One actually quite good thing about the current spate of ‘best of the decade’ lists, once you get past their irritating ubiquity, is the almost laughably basic fact that they’re forcing people to engage seriously with the realities of the epoch. Musically, the two great evils of the last ten years were those perennial bedfellows, retro-pastiche and consumer-hedonism – both of which are malign forms of escapism seeking to remove the listener from a meaningful interaction with his/her surroundings, to put ‘the times’ on the back burner. If such soul-searching analyses are a little late in coming, at least they’re forcing people to think soberly about what will matter in the 2010s, a nice contrast to all the obfuscating millennial hysteria of Y2K, and the mood of dippy relativism and near-suffocating political apathy that we’ve been suffering under ever since.
So what will matter in the next decade? What the hell is going to happen next?

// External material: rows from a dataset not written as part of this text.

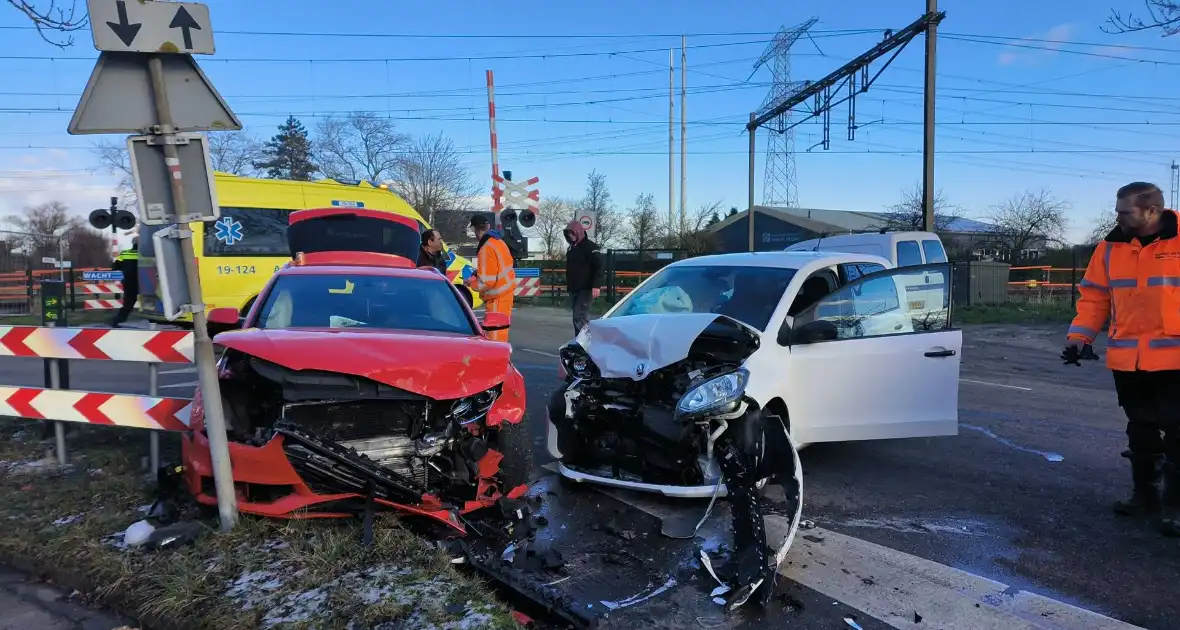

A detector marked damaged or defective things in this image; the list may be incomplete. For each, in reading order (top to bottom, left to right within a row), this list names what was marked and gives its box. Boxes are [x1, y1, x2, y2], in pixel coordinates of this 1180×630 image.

damaged red car [182, 226, 532, 532]
crumpled hood [215, 328, 512, 398]
shattered headlight [446, 388, 498, 428]
crumpled hood [580, 314, 764, 382]
shattered headlight [676, 370, 748, 420]
damaged white car [552, 253, 968, 612]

To be honest, I’m pretty sure it’s going to get worse before it gets better. Last week Mark Fisher (aka K-Punk) ended his brilliant article in the New Statesman on noughties culture with the following quote:
But if bohemia can rouse itself from defeat and depression, the cultural terrain seems open for contest in a way that it has not been for a long time. Perhaps soon we will be able to look back on the Noughties with a shudder and think: how did things ever get that bad?
This sort of rallying cry is one we’re more than ready to echo here at The Grain. However, the skeptical part of me would like to ask: how exactly is this ‘rousing of bohemia’ going to take place? At the moment, this sort of development seems far from imminent. People of our generation just weren’t born with the politically active gene, and that’s a plain fact.

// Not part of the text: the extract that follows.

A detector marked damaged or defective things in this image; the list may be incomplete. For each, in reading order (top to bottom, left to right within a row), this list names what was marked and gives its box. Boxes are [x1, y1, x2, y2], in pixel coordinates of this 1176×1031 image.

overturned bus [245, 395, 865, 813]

Eventually (the other, more optimistic, part of me responds) we will see some sort of revival of radicalism, perhaps as a reaction to the inevitable widespread horrors that will follow the return to power of an odious-as-ever Conservative Party. But what sort of musical world will a new radicalism have to integrate itself with? Indie guitar music in the old sense is pretty much completely dead in the water, totally lobotomized by the corporate mainstream, a soulless professionalized finishing school for music-school graduates, the bands of which are not really very different in kind from all those X-Factor-style cabaret acts in the pop sphere (and invariably a lot more musically conservative). Dance music too is looking pretty limp and idea-less right now, in the UK at any rate. True innovation seems like a completely outdated concept in all sectors. Grime and dubstep have been the much-trumpeted organic success stories of the decade, but how far did their popular reach really extend outside of metropolitan London?

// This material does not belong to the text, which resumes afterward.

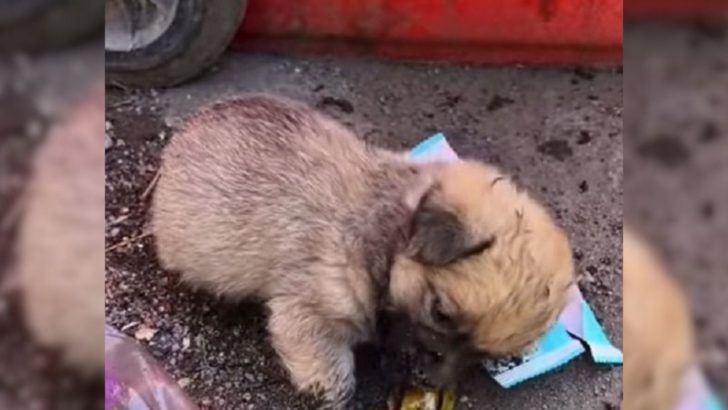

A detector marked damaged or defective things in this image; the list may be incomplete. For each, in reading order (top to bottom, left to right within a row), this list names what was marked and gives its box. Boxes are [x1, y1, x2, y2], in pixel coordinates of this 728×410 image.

rusty red surface [232, 0, 620, 65]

Perhaps more importantly, all of the above genres will have to cope with the stark fact that the mere idea of selling records will very soon become a total impossibility. Perhaps herein lies the window of opportunity for an alternative resuscitation: eventually the bottom will fall out of the industry, leaving the way open for small-scale collectives, online networks, an almost primitive, pre-industrial, folk-ish climate in which music becomes something produced and distributed amongst friends. Musicians will no longer be able to count on the double-edged sword that is the record deal, and maybe being freed from the obligation to fulfill financial/contractual obligations, members of bands will take stable, long-term day jobs outside the industry allowing them a degree of artistic freedom impossible in the era of label authoritarianism and blackmail. Maybe we will to remember that music and life are twin sisters, but not the same thing, stop seeing a music-incorporating hedonistic lifestyle as the guiding principle of existence. That’s the hopeful outcome.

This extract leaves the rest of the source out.